Background/Purpose: Although many osteoarthritis (OA) patients show significant synovial involvement, consequences are largely unknown. We found highly increased expression of canonical Wnts 2b and 16 and Wnt-1-induced secreted protein 1 (WISP1), a downstream protein, in knee joints in two experimental murine OA models. Wnt signaling has been implicated in OA incidence and modulation of the β-catenin pathway leads to OA-like changes in cartilage. In addition, TGF-β signaling is critical in cartilage maintenance. TGF-β signals via both ALK5 and ALK1, resulting in Smad 2/3 and Smad 1/5/8 phosphorylation respectively. In the present study we investigated the potency of canonical Wnts, produced by synovial cells, to induce early OA-like cartilage damage and whether canonical Wnts skew TGF-β signaling from the protective Smad 2/3 pathway to the chondrocyte hypertrophy-inducing Smad 1/5/8 pathway.

Methods:  Experimental OA was induced by intra-articular injection of collagenase. Pathway analysis of microarray data was done using DAVID software.
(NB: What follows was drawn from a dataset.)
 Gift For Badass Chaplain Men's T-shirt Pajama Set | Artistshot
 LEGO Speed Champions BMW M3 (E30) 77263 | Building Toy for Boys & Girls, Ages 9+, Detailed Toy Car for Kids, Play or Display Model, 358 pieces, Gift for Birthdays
Detection of Smad 2/3 and Smad 1/5/8 phosphorylation was done by Western blot analysis. In vivosynovial overexpression of genes from the canonical Wnt signaling pathway was achieved by intra-articular injection of adenoviral vectors. Joint pathology was assessed by histology. Gene expression was analyzed by qPCR.
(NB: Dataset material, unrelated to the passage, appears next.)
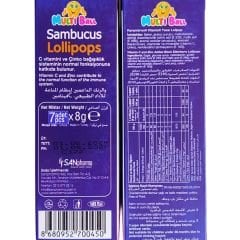 Multiball Kids Sambucus Lollipops Vitamin C Çinko Lolipop 7'li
Results:  Pathway analysis showed that both the Wnt and TGF-β signaling pathway were enriched in the synovium of mice with collagenase-induced OA. To determine if synovial overexpression of canonical Wnts leads to cartilage damage, adenoviral vectors for Wnts 8a and 16 were injected into murine knee joints. A significant increase in the incidence of early OA-like lesions at the medial margin of the medial tibial plateau was found 7 days after overexpression. The incidence was 92% (n=12) for Wnt8a overexpression compared to 17% (n=12) for the control virus and 80% (n=5) for Wnt16 overexpression, but only 20% (n=5) for the control virus. Because of their relatively small size, Wnts and WISP1 can enter the cartilage and possibly alter the chondrocyte phenotype. Synovial overexpression of Wnt8a and Wnt16 resulted in β-catenin accumulation in chondrocytes, a tell-tale sign of canonical Wnt signaling, indicating migration of Wnts to the cartilage. Moreover, pre-incubation with Wnt3a or WISP alone or Wnt3a + WISP1 together resulted in decreased TGF-β-induced phosphorylation of Smad 2/3, whereas phosphorylation of Smad 1/5/8 was increased in vitro. This implies a shift towards dominant TGF-β signaling via the hypertrophy-inducing ALK1 pathway. In addition, the expression of the anti-hypertrophic factor Sox9 was decreased after pre-incubation with Wnt3a and WISP1.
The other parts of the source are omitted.